It is in light of this test that we analyze the City’s issues one, five, and twelve. The Evidence
Emmitt Johnson was an assistant field operations supervisor in the street department for the City of Fort Worth. He attended college at Prairie View A & M for two and a half years. An employer sent him to Harvard University for a semester for a trade union program. During his career, Johnson worked about 11 years for the Laborers International Union, Local 1324. He started out as an organizer and eventually became a business manager.
In 1986, Johnson went to work for the City of Fort Worth. He was also an employee representative for the Association of City Employees, an employee group which assists other employees -with grievances and benefits. As an employee representative, Johnson would report alleged violations of the City’s policies regarding an aggrieved employee to the employee’s supervisor, the department head, the human resources department and the disciplinary appeals board because these people or entities had the authority to overturn or enforce the initial decision. He thought the appeals process was a city policy. Johnson stated that all the reports he made on behalf of employees were made in good faith. He also maintained that he strived to learn the personnel rules and regulations. Learning the rules and regulations was included in his duties as an employee representative.
Johnson would also report to the department head, human resources director, or appeals board that an employee had been punished in excess of that warranted by the infraction or that a violation of City policy had occurred. Johnson generalized his role as assisting the employee in presenting a different side of the story.
Johnson represented Roger Rodriguez in a grievance of a proposed termination. The termination arose out of the City’s policy regarding operation of a city-owned vehicle. Rodriguez had been in an accident with a city-owned vehicle. It was later shown that he was not at fault, and he was suspended instead of terminated. Johnson also represented Jake Downs who was terminated for allegedly violating the city’s leave of absence policy. Johnson stated he reported that the City was violating its own policies such as the em*162ployee work status policy, the disciplinary action policy, and the injury and illness policies. Downs was ultimately reinstated.
Johnson represented Eric Davis. Davis was charged with violating section H of the city’s policy. Johnson reported that the City violated its disciplinary and appeals policy. Davis was reinstated. Lon Hag-gerty was also represented by Johnson. Haggerty received disciplinary “write-ups” for allegedly violating City policies. After reporting that the City violated its disciplinary action policy, Johnson was able to have those “write-ups” removed from Hag-gerty’s employment record. Johnson represented Pamela Faisom. He reported that the City violated its grievance and appeal policy and its disciplinary action policy. Faisom was reinstated. Lastly, Johnson stated that he represented Elvis Babers. Johnson reported the City had violated its drug and alcohol policy in its dealings with Babers. This report was made within 90 days of the date of Johnson’s termination. Babers was reinstated.
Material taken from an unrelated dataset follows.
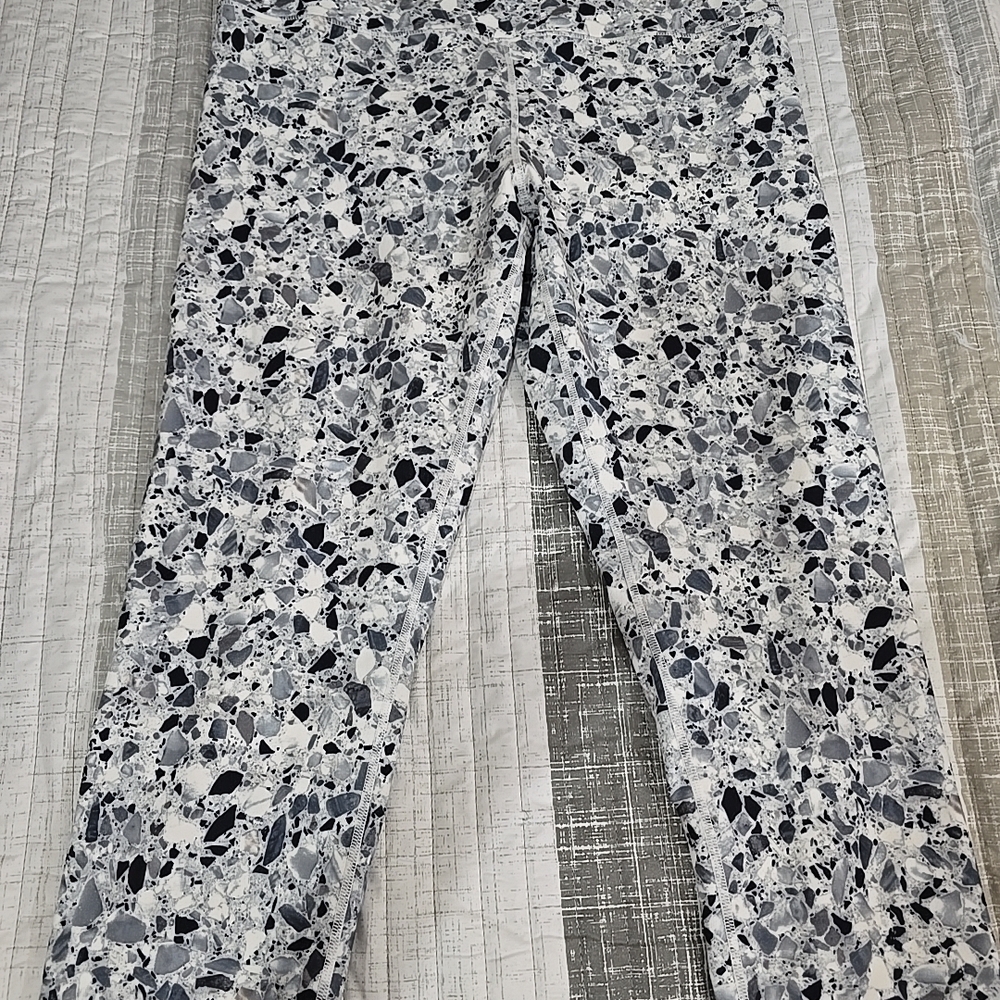 Balance Collection Black and Gray Patterned Leggings Sz LG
Johnson also stated that he represented Julie Mollett and Richard Ridell in some employment issues. These two employees believed some computers that the City owned had been stolen. They thought their supervisor had arranged for the computers to be taken to a private firm in a “hush-hush” manner. Johnson also thought a law was being violated and wanted to report it. He reported the potential theft to the district attorney in Tarrant County. He also reported it to the Fort Worth Police Department.
Application
Johnson was very familiar with unions and labor related policies. He made himself familiar with the City’s personnel policies. He only represented employees when he thought policies were violated by the City. Johnson reported what he contended were violations of City policies for at least six employees. The City reinstated the employees. Johnson also reported two employees’ beliefs that a theft of computers had occurred. Thus, more than a scintilla of evidence exists that: 1) Johnson reported violations of laws when he represented City employees, including Elvis Ba-bers, in their grievance/appeal procedures; 2) Johnson reported a violation of law when he reported a possible theft of computers to the police and the district attorney; 3) Johnson subjectively believed laws, as defined by the Act, were violated when the City did not follow their own procedures and when the computers were transferred to a private firm; and 4) in light of his training and experience, Johnson’s belief that the City violated laws was objectively reasonable. Additionally, in light of the entire record, the findings by the trial court are not so against the great weight and preponderance of the evidence as to be clearly wrong and unjust.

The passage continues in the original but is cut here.